WHAT YOU NEED TO DO:
Only the lines below, from the one with "Actual product image Urban Classics tee (M)" through the one with "专业赋能，健康孕育——林铮老师孕产瑜伽公开课在福州福兴妇产医院圆满举行", are to be written out, exactly.

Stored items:

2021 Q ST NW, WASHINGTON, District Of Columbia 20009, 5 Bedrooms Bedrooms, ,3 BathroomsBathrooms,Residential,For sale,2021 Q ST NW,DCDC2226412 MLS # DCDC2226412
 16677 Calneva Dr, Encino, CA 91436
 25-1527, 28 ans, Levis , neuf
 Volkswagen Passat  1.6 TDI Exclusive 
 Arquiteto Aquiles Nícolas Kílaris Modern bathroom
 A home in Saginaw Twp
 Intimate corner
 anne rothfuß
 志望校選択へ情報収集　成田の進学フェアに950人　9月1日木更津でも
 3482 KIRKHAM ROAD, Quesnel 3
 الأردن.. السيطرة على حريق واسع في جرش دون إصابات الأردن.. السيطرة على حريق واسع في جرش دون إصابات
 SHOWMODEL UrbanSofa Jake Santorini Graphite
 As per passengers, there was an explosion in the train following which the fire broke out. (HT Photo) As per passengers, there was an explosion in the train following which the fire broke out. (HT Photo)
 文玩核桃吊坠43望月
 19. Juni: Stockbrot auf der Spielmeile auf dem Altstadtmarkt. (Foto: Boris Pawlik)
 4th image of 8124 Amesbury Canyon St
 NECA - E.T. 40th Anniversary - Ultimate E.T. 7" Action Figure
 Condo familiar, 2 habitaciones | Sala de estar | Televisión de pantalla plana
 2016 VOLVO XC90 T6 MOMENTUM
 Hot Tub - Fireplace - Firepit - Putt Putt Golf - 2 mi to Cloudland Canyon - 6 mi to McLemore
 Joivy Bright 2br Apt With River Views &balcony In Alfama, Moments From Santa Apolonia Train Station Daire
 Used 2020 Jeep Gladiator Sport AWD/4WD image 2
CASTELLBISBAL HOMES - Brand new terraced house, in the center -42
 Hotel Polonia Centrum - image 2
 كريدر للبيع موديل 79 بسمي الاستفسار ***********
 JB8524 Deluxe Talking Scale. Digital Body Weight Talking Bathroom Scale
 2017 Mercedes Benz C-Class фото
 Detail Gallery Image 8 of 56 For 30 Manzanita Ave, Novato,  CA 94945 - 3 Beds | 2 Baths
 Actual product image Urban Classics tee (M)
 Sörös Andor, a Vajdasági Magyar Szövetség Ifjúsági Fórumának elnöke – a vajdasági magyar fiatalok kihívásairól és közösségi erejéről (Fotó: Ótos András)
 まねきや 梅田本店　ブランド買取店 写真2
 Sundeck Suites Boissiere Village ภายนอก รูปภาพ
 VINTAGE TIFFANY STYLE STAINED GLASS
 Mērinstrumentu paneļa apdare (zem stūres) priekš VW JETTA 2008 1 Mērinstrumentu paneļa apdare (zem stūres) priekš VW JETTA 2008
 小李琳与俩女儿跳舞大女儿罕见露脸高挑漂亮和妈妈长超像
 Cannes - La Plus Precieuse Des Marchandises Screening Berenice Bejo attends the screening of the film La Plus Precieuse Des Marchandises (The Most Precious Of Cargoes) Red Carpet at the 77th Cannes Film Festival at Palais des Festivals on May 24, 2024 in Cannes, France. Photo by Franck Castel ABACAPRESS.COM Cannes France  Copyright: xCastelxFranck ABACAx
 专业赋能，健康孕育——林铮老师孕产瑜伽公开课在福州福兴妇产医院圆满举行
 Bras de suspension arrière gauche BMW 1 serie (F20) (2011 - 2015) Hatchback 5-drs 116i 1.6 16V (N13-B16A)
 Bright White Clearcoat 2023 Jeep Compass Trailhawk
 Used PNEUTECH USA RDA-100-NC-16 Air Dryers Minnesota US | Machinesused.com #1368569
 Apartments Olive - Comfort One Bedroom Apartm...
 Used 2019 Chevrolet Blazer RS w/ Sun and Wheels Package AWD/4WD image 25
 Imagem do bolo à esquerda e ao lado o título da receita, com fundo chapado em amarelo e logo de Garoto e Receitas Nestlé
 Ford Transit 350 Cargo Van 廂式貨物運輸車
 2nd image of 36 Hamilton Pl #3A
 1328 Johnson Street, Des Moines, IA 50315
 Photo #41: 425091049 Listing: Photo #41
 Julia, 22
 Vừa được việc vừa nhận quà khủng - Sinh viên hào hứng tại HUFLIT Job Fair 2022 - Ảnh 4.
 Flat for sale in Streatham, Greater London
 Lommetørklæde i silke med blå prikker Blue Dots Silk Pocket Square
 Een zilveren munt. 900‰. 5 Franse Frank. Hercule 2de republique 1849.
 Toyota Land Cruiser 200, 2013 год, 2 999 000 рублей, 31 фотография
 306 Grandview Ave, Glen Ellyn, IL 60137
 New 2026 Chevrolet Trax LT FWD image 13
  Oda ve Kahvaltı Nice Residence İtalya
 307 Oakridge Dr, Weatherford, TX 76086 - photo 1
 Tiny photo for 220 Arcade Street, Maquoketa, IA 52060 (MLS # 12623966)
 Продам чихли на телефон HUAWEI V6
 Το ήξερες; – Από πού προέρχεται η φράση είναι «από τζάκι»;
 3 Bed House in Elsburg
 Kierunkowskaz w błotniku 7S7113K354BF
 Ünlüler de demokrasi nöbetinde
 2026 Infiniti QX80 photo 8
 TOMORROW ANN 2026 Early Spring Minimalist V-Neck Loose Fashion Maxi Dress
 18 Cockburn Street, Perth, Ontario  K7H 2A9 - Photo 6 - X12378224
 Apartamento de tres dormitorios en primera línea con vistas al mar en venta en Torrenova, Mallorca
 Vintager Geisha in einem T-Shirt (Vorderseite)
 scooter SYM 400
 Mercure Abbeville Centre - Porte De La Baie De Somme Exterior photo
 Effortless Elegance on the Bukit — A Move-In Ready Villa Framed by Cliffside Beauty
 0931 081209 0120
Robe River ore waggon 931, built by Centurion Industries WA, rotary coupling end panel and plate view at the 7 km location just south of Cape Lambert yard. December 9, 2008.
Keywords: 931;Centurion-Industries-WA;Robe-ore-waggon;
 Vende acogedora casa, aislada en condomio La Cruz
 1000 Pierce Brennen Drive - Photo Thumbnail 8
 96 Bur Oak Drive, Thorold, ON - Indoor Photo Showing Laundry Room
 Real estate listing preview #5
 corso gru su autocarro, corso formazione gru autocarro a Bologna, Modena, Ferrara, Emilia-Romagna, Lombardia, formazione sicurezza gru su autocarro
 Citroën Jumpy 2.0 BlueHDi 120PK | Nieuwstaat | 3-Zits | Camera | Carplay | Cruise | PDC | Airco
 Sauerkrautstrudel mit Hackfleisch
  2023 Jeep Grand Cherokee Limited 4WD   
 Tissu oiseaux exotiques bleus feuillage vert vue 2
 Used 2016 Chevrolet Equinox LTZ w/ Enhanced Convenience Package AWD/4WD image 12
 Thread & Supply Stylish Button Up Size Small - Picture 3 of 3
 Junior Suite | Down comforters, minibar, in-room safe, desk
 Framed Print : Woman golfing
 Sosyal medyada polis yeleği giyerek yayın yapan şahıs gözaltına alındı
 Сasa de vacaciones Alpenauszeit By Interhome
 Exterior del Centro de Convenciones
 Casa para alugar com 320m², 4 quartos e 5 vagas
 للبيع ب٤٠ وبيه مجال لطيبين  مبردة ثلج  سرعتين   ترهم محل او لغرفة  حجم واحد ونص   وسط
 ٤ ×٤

RESPONSE TO THE TASK:
 Actual product image Urban Classics tee (M)
 Sörös Andor, a Vajdasági Magyar Szövetség Ifjúsági Fórumának elnöke – a vajdasági magyar fiatalok kihívásairól és közösségi erejéről (Fotó: Ótos András)
 まねきや 梅田本店　ブランド買取店 写真2
 Sundeck Suites Boissiere Village ภายนอก รูปภาพ
 VINTAGE TIFFANY STYLE STAINED GLASS
 Mērinstrumentu paneļa apdare (zem stūres) priekš VW JETTA 2008 1 Mērinstrumentu paneļa apdare (zem stūres) priekš VW JETTA 2008
 小李琳与俩女儿跳舞大女儿罕见露脸高挑漂亮和妈妈长超像
 Cannes - La Plus Precieuse Des Marchandises Screening Berenice Bejo attends the screening of the film La Plus Precieuse Des Marchandises (The Most Precious Of Cargoes) Red Carpet at the 77th Cannes Film Festival at Palais des Festivals on May 24, 2024 in Cannes, France. Photo by Franck Castel ABACAPRESS.COM Cannes France  Copyright: xCastelxFranck ABACAx
 专业赋能，健康孕育——林铮老师孕产瑜伽公开课在福州福兴妇产医院圆满举行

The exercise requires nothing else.